In a class of this embodiment, in the sub-step S1 of step B, distance data between the first roller coating unit and the second roller coating unit is input into the PLC control module, and on the basis of the process speed and the distance data, the PLC control module calculates out a specific time to start the second roller coating unit, and starts the second roller coating unit according to the specific time, and then the second roller coating transfer of the second roller coating unit is completed.
In a class of this embodiment, after the sub-step S4 of step B, the printed pattern is collected by a code recognition module, and the pattern misplacement distance is determined by computer recognition, and then the process speed of the corresponding roller coating unit is revised.
In a class of this embodiment, in the step A, using an decoiler to decoil and trim the steel strip and using a seamer to seam the decoiled steel strip.
In a class of this embodiment, the method further comprises a step of pre-processing the steel strip to be printed before transferring between the step A and the step B.
In a class of this embodiment, the pre-processing before transferring comprises the following steps in sequence: degreasing treatment, cleaning treatment, first drying treatment, passivating treatment and second drying treatment.
In a class of this embodiment, after the second drying treatment, the steel strip is treated in sequence by coating primer paint treatment, baking for curing treatment, and first cooling treatment.
In a class of this embodiment, after step C, spraying the steel strip with gloss paint, followed by a third drying treatment, followed by a second cooling treatment.
In a class of this embodiment, a recoiler is used to coil the steel strip after completing all the roller coating transfer.
In a class of this embodiment, the roller coating unit used in the step B and step C comprises a feeding equipment used for providing paints; a suction roller, whose circumferential surface is in connection with the feeding equipment and has a plurality of recesses adapted for being filled with paints for forming an image area; a rubber-coating roller, with its circumferential surface in connection with the suction roller, used for receiving and transferring the image area formed by the paints on the coating roller onto a steel plate; a first scraper, arranged on a first scraper support and contacting with the suction roller at a specific angle, used for scraping off paints outside the image area on the suction roller; and a second scraper, arranged on the second scraper support and contacting with the coating roller at a specific angle, used for scraping off paints outside the image area on the rubber coating roller.
The method of producing variegated steel plate with multicolored patterns of present invention providing has advantages as bellow:
1. in the method of producing variegated steel plate with multicolored patterns of the present invention, for the first transfer, on one hand, the PLC control module of the servo control system collects the process speed and the rotation speed of each roller of the roller coating unit, calculates out the theoretical roller surface linear velocity and makes the theoretical roller surface linear velocity be consistent with the process rotation speed; on the other hand, the actual roller surface linear velocity of each roller of the roller coating unit is collected by a servo control module having an encoder, and the signal of the actual roller surface linear velocity is input into the PLC control system, so that the PLC control system can compare the actual roller surface linear velocity with the theoretical roller surface linear velocity, and adjust current frequency until the actual roller surface linear velocity is consistent with the theoretical roller surface linear velocity.
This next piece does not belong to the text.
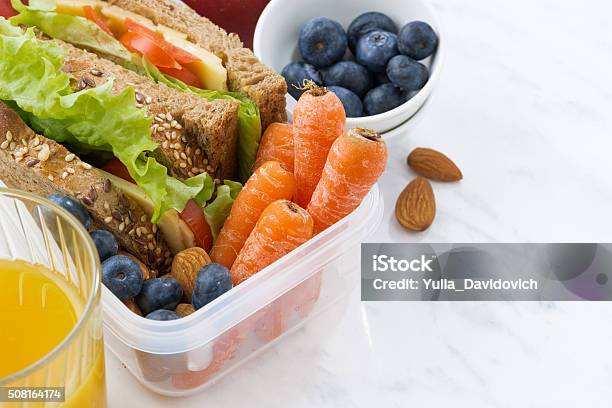 Lunch Box With Sandwich Of Wholemeal Bread On White Background Stock Photo - Download Image Now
In the above mentioned control method, the actual roller surface linear velocity is adjusted to be consistent with the theoretical roller surface linear velocity which is consistent with the process speed, thus ensuring that the actual roller surface linear velocity is consistent with the process rotation speed, so there is no need to stop the line for adjusting in the production process, thus increasing the production efficiency.
2. In the method of producing variegated steel plate with multicolored patterns of the present invention, the distance data between the first roller coating unit and the second roller coating transfer unit is also input into the PLC control module, and on the basis of the process speed and the distance data, the PLC control module is able to calculate out a specific time to start the second roller coating unit. Once the production line is determined, the distance between adjacent units can be determined. The distance data is input into the PLC control module in advance, and then according to the process speed and distance data, the PLC control module calculates out the specific time to start next roller coating unit. Then the specific time to start next roller coating unit is able to be preset, and the next roller coating production line is allowed to be started within the specific time, so a continuous production between the adjacent roller coating units is realized, and the production efficiency is further improved.
3. The method of producing variegated steel plate with multicolored patterns further comprises a code recognition module. The printed pattern is collected by the code recognition module, and the pattern misplacement distance is determined by computer recognition, and then the process speed of the corresponding roller coating unit is revised. After next roller coating production line is started and the second transfer is completed, the printed pattern is collected by the code recognition module and the pattern misplacement distance is determined by the computer recognition, and then the rotation speed of each roller is revised in accordance with the pattern misplacement distance, so that the pattern misplacement can be revised. The above process can be circularly performed, hence ensuring lifelike and complete printed patterns. In addition, the length of the printed patterns is extended greatly by using the code recognition module.
In order to make the present invention more easily and clearly understood, the invention is further described below in conjunction with the detailed embodiments and the drawings, wherein,
The reference numbers in the drawings represent:
1—feeding equipment; 2—suction roller; 3—rubber coating roller; 4—first scraper; 5—second scraper; 6—cleaning device; 61—liquid feed tank; 62—transfer pump; 63—transfer pipe; 64—spay pipe; 65—spay hole; 67—recovery tank; 68—filter; 7—support roller
As shown in
A. preparing a steel strip to be printed;
B. using a first roller coating unit to perform a first roller coating transfer on the steel strip to be printed;
C. using a second roller coating unit to perform a second roller coating transfer on the steel strip to be printed after a specific time.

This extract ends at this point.